Map variance and local resolution determination, such as bootstrap-based variance maps (Penczek et al., 2006) and local Fourier Shell Correlation (FSC) measurements (Ménétret et al., 2007), can provide additional measures to help interpret structures. For maps with resolution better than 20 Å by the 0.5 FSC criterion, RMEASURE (Sousa and Grigorieff, 2007) can be used to estimate resolution and signal-to-noise directly from the map based on correlation of neighboring Fourier Transform terms. Possible bias from a starting model or overfitting of noise should also be estimated and statistics provided where possible.

Recommendation

Experimentalists should be encouraged to assess their own maps according to the criteria listed above and report the methods that they used when depositing the maps. To help the community as a whole, EMDataBank should develop a table of existing map validation techniques with a description of what experimental data are required for each technique, the circumstances under which the technique can be used, the software package(s) (with links) that implement the technique, and what aspect of the reconstruction the technique validates. This table can be updated as new methods are developed. Any published method should be considered as a candidate for inclusion in the list, as the list would not mandate any tests to be performed, but simply present possible tools available for authors to validate their own data. As methods are tested on a variety of data sets, the field will begin to establish which techniques are reliable for each specific task. Additionally, EMDataBank should gather and provide raw benchmark data that would enable the community to test the methods.

Map Resolution Should Be Reported, and Visible Structural Features Should Be in Accordance with the Claimed Resolution

The single-particle map resolution is typically evaluated according to the FSC of two maps constructed from independent data sets (Penczek, 2010b). However, the threshold value for the map resolution has not been uniformly reported (Rosenthal and Henderson, 2003). Because of various experimental and computational factors that lead to damping of the Fourier amplitudes of the images, the final density map needs to be scaled to retrieve the detailed features (Böttcher et al., 1997). One method is to apply a Gaussian function equivalent to a temperature factor in X-ray crystallography (Fernández et al., 2008; Rosenthal and Henderson, 2003); another method is to apply a one-dimensional structure factor obtained from the X-ray scattering or a model (Baker et al., 2010; Gabashvili et al., 2000; Penczek, 2010a). At resolution better than 4.5 Å, the helical pitch and β strand separation should be visible in addition to some bulky side-chains. At subnanometer resolution, secondary structure features, such as long α helices and large β sheets, should begin to emerge. Several existing tools allow quantitative assessment of secondary structure (Baker et al., 2007; Kong et al., 2004). If the level of secondary structure visible in the map does not agree with the cited resolution and the sequence-based structure prediction, the resolution estimate may not be accurate. At lower resolution (10–20 Å), the situation is more complex and requires more care. In some favorable situations, domain or molecular boundaries may be delineated. At still lower resolution (>20 Å), a simple point-spread function plot may be adequate, along with a statement of the RMS noise level, estimated from presumed featureless regions (Fan and Ellisman, 2000).

Recommendation

Deposition of a published map should include its full FSC curve to the Nyquist frequency on a linear spatial-frequency scale (Frank, 2006, see pages 250 and 251). If the final experimental volume was masked in any way, FSC curves should be provided for both the masked and unmasked versions. If the half-datasets compared in FSC were separated at the outset of analysis, this should be stated; otherwise, it will be assumed that a less independent comparison in which the whole data set was aligned against a common model was performed. Intermediate levels of independence between the gold standard of carrying out two completely independent analyses and common 3D model throughout should also be described. Reconstruction software packages should include the option to produce an unmasked map after the last cycle of refinement.
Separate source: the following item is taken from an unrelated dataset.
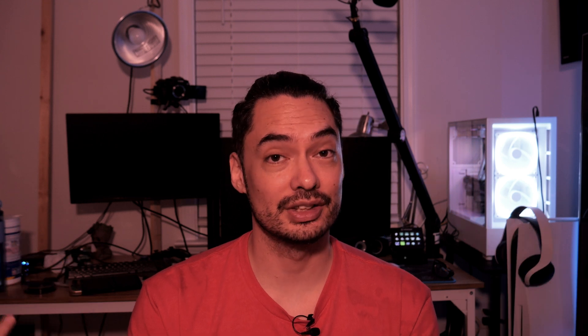PSA: be sure to take your micro SD card out. I forgot to take mine out and it snapped in half. So yeah, take out your memory card before you do anything.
Map manipulations and transformations other than magnification and contrast transfer function correction should also be reported. Examples include density stretching (e.g., negative density truncation), high- and low-pass filtering, sharpening, signal-to-noise ratio weighting, thresholding, damping (e.g., FOM weighting), cropping, and masking. The key parameters in different reconstruction algorithms should be reported. In addition, the quantitative assessment of the map features, such as segmentation and feature extraction, should be included in the deposition.

Map Symmetry Should Be Validated

Many 3DEM specimens are composed of multiple copies of the same proteins, and thus, symmetry may exist in the complex. However, the symmetry may break down for different functional states. Reconstruction may be carried out with or without symmetry imposed; this treatment needs to be explicitly reported and justified.

Recommendation

A program is required to read in the density map, recognize any point group, helical or translational symmetry, and print out the point group or helical or space group symmetry, and the precise origin. This processing would ensure that the stated symmetry is real and that the stated origin is correct. The program would ideally also provide the transformation to reorient a map into the standard coordinate frame for the point group or helical symmetry (Heymann et al., 2005; Lawson et al., 2008).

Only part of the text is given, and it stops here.